INPUT DATA >>
:::::

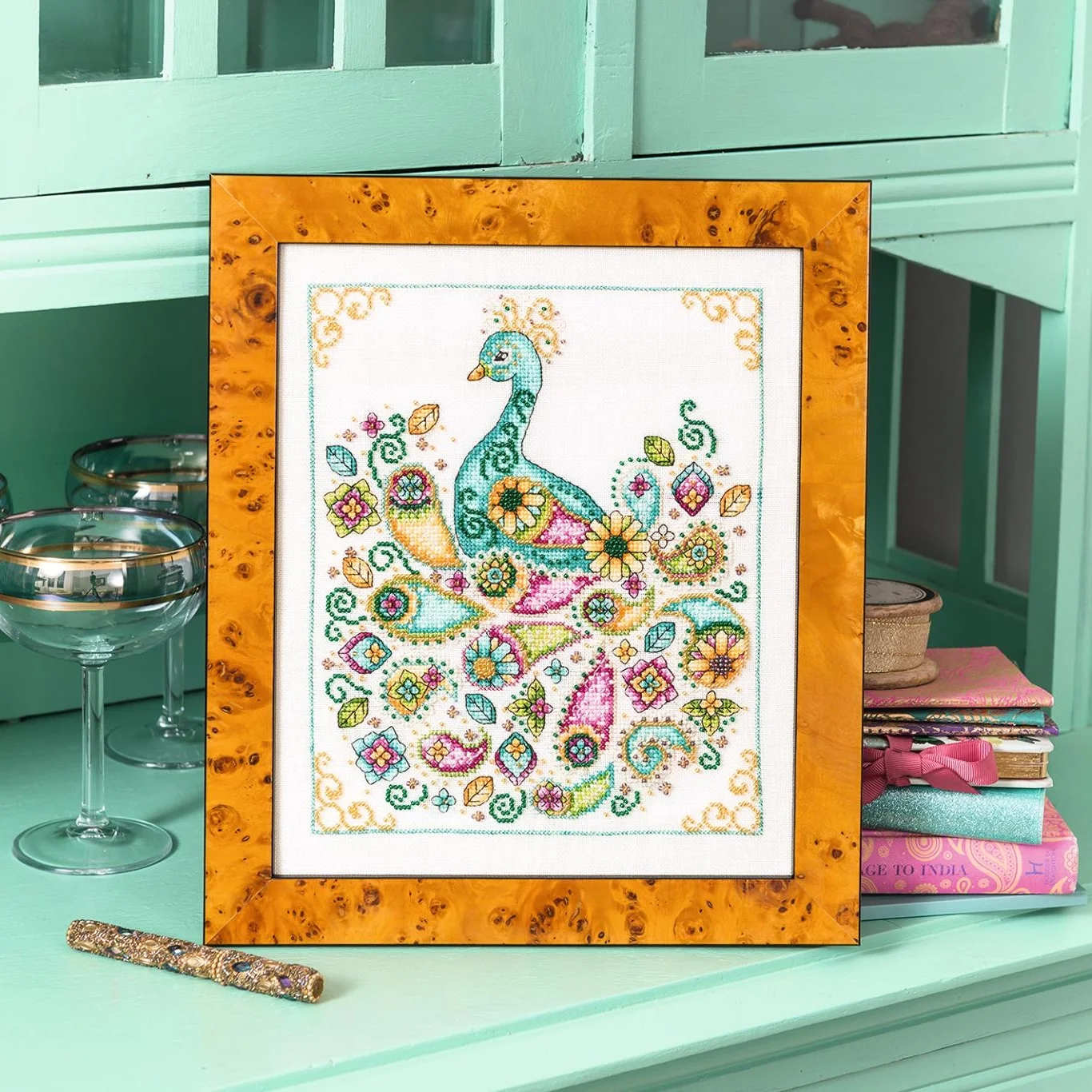 Publications — Shannon Christine Designs Cross Stitch Patterns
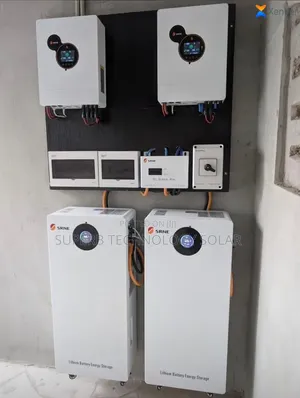 16kwh SRNE Lithium Battery Available With 5yrs Warranty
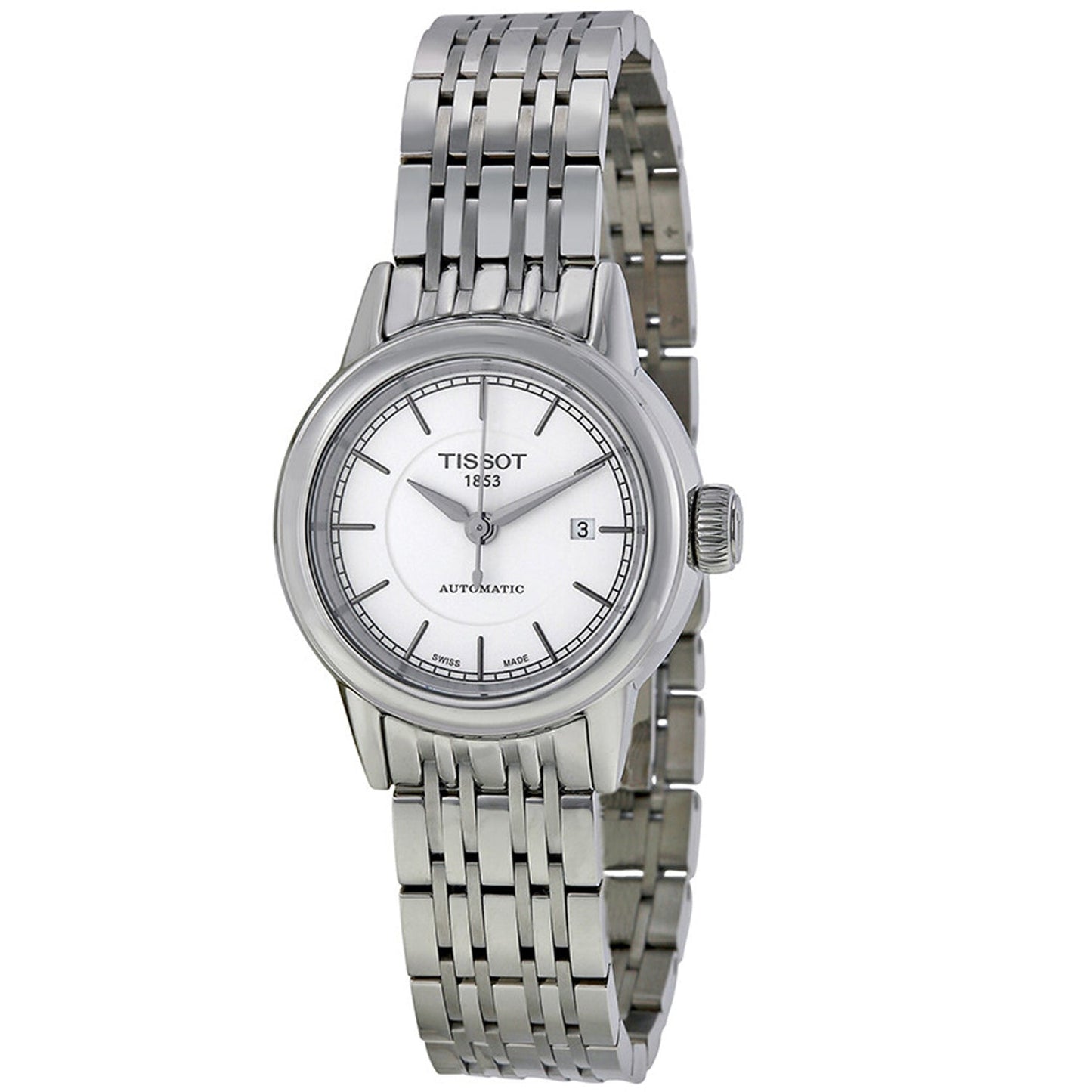 Reloj Automático Tissot para Mujer Carson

:::::

ABOUT THIS EXERCISE >> Give an exact copy of the material, leaving out every picture.

ANSWER SPACE >>
 Publications — Shannon Christine Designs Cross Stitch Patterns
 16kwh SRNE Lithium Battery Available With 5yrs Warranty
 Reloj Automático Tissot para Mujer Carson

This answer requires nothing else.